Ce système d'indemnisation engendre chaque année un déficit de près de 800 millions d'euros pour l'assurance chômage française, non seulement en raison des salaires plus élevés dans les pays voisins – la Suisse, que vous connaissez très bien, ainsi que le Luxembourg et l'Allemagne –, mais aussi à cause d'un temps plus long de recherche d'un nouvel emploi. Les demandeurs d'emploi transfrontaliers consomment davantage leurs droits : en 2023, 41 % d'entre eux avaient consommé l'intégralité de leurs droits, contre une moyenne de 37 %.
Face à cette problématique, Mme Astrid Panosyan-Bouvet a conçu un plan d'action qui se décline en deux volets. À l'échelle de l'Union européenne, elle a engagé des démarches diplomatiques auprès de ses homologues européens pour défendre la révision du règlement 883/2004 dans le cadre de la présidence polonaise de l'Union européenne.
À l'échelle nationale, elle a saisi, le 8 janvier 2025, la Commission nationale de la négociation collective, de l'emploi et de la formation professionnelle d'un projet de décret précisant les éléments constitutifs de l'offre raisonnable d'emploi qui, pour rappel, est une offre qui correspond, pour un demandeur d'emploi donné, à son niveau de qualifications et de compétences, à sa localisation géographique et au niveau de salaire normalement pratiqué dans la zone géographique de sa recherche d'emploi.
Le projet de décret prévoit que le salaire habituellement pratiqué en France devienne l'un des éléments constitutifs de l'ORE, et non plus les salaires pratiqués à l'étranger.
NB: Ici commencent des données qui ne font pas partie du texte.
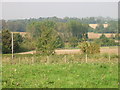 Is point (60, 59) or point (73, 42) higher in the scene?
point (60, 59)

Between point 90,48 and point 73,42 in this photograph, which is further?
point 73,42

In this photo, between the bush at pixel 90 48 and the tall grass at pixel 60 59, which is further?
the bush at pixel 90 48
Les autres éléments restent inchangés.
Ce décret est l'une des mesures de transposition de l'article 4 de l'accord des partenaires sociaux relatif à l'assurance chômage du 14 novembre 2024, dans lequel les organisations signataires appellent formellement les pouvoirs publics à entreprendre toutes les actions nécessaires pour réviser la réglementation européenne en matière d'indemnisation des travailleurs frontaliers et à renforcer leur accompagnement.
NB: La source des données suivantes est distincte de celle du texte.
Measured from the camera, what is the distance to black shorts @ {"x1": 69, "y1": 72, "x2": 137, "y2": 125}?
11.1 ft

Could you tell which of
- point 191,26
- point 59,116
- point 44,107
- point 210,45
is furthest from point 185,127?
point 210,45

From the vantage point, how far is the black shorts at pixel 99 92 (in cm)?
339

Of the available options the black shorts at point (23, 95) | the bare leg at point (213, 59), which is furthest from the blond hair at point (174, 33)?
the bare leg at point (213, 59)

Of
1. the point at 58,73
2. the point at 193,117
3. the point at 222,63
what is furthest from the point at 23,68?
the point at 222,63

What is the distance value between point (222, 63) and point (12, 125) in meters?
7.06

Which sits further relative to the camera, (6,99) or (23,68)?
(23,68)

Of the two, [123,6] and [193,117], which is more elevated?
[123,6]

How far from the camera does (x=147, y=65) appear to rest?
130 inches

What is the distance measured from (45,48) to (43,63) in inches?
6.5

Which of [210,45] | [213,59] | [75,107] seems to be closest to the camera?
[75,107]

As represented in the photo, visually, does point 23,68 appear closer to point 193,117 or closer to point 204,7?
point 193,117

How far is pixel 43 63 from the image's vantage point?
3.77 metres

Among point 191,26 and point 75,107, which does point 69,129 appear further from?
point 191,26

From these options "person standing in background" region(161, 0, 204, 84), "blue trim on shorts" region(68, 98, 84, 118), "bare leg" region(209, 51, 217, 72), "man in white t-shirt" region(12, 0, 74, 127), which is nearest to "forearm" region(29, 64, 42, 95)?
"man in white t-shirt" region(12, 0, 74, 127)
Par ailleurs, toujours dans la lignée de l'accord de novembre 2024, et en complément de ce projet de décret, l'accompagnement des demandeurs d'emploi frontaliers sera renforcé par les dix-neuf agences France Travail qui accueillent la majorité d'entre eux.
Il ne s'agit pas de stigmatiser ces travailleurs qui sont une composante essentielle de la vitalité de nos territoires et qui seront toujours libres de chercher un emploi dans le pays de leur choix, mais de mieux accompagner les demandeurs d'emploi frontaliers qui chercheraient en France.
L'assurance chômage doit continuer de jouer pleinement son rôle de filet de sécurité pour tous les travailleurs, tout en répondant aux impératifs d'incitation au retour à l'emploi et de soutenabilité de la trajectoire financière.
Enfin, au niveau bilatéral, il nous faut également travailler directement avec la Suisse à un système plus équilibré pour la France.
Vous avez compris, madame la députée, qu'Astrid Panosyan-Bouvet est pleinement mobilisée sur cette problématique, qu'elle prend très au sérieux, et que vous pouvez compter sur sa pleine détermination.